Cochran’s diary paints a picture of local Fauquier and Loudoun sites: “On the 7th of this month [Sept. 7, 1864], we left Richmond for Loudoun. … The country being clear of Yankees, we took the old Warrenton road, passing the ruins of the once famous Warrenton Springs which the Yankees burnt in the campaign of ’62—a melancholy picture of desolation. The whole country, from the Rapidan to Loudoun has a desolate, forsaken look—fences all gone, houses burnt, dismantled or unoccupied. Villages of log huts, the remains of Yankee occupation remain standing tho hundreds, round Culpeper, have been hauled off for firewood.”

Near the end of the war, a Nov. 5, 1864 entry reads: “Well, we hear that the Yankees have really left The Plains and are moving down the road. It has been a severe scourge to the country, having them so long, and we doubtless shall hear many tales of hardship from those who have been within their lines all the time.”
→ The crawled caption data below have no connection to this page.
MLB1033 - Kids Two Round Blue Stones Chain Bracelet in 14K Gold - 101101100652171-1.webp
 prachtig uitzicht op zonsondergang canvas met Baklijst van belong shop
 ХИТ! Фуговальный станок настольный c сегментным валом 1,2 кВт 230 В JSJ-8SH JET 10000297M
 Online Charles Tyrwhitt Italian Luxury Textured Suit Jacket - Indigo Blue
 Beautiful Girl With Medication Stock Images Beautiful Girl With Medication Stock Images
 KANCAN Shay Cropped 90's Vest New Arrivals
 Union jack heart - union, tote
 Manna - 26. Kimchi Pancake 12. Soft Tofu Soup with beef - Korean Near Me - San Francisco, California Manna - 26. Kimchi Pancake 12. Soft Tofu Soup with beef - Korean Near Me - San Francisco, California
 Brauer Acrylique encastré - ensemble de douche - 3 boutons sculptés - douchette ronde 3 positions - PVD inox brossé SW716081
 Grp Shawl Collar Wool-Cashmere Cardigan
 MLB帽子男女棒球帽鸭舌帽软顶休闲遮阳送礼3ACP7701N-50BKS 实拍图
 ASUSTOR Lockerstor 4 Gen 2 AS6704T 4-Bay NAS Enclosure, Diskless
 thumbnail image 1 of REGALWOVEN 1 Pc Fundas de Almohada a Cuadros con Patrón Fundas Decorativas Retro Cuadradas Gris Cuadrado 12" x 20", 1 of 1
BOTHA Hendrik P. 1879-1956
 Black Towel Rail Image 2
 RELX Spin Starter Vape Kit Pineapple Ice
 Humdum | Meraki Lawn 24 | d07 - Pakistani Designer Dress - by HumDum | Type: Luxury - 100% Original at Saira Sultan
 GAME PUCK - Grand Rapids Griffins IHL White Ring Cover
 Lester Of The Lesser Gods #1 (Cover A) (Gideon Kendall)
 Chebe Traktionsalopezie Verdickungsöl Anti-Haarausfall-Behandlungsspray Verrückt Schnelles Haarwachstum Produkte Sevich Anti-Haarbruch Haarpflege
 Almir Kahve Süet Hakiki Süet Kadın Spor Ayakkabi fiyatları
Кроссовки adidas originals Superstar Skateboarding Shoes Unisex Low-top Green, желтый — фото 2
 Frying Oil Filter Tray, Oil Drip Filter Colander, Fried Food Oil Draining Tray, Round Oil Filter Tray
 Catherine Barbara Hopkins Broun (1820-1903) of Middleburg with her son, Eddie Lee, born March 7, 1854. Courtesy photo from Lee Lawrence

A final story is a reminder of the war’s devastating emotional toll. John Chapman owned Chapman Mill (known today as Chapman-Beverley Mill) in Broad Run at Thoroughfare Gap along the Prince William-Fauquier line. His family built the mill in 1742, and over the years, the Chapmans prospered, enabling them to raise the mill to seven stories tall, believed to be the nation’s tallest stacked-stone building. Confederates used the mill as a meat curing center and distribution warehouse, and on Aug. 28, 1862, the Battle of Thoroughfare Gap unfolded in and around the mill. 

Broken by the maltreatment by Union soldiers, the destruction of his property, and the certain knowledge that he had lost the mill, Chapman’s business never recovered, and he suffered a mental breakdown. His family said he became a lunatic in 1862, and in 1864, committed him to the Western Lunatic Asylum in Staunton, Va. Two years later he died in Dec.1866. 

Wynn said, “What we’re facing now with COVID-19 is a national/global crisis. We can see how people faced issues back then and learn from them today.” Lawrence said, “It’s important to keep the stories in front of people.” ML

This article first appeared in the May 2020 issue of Middleburg Life.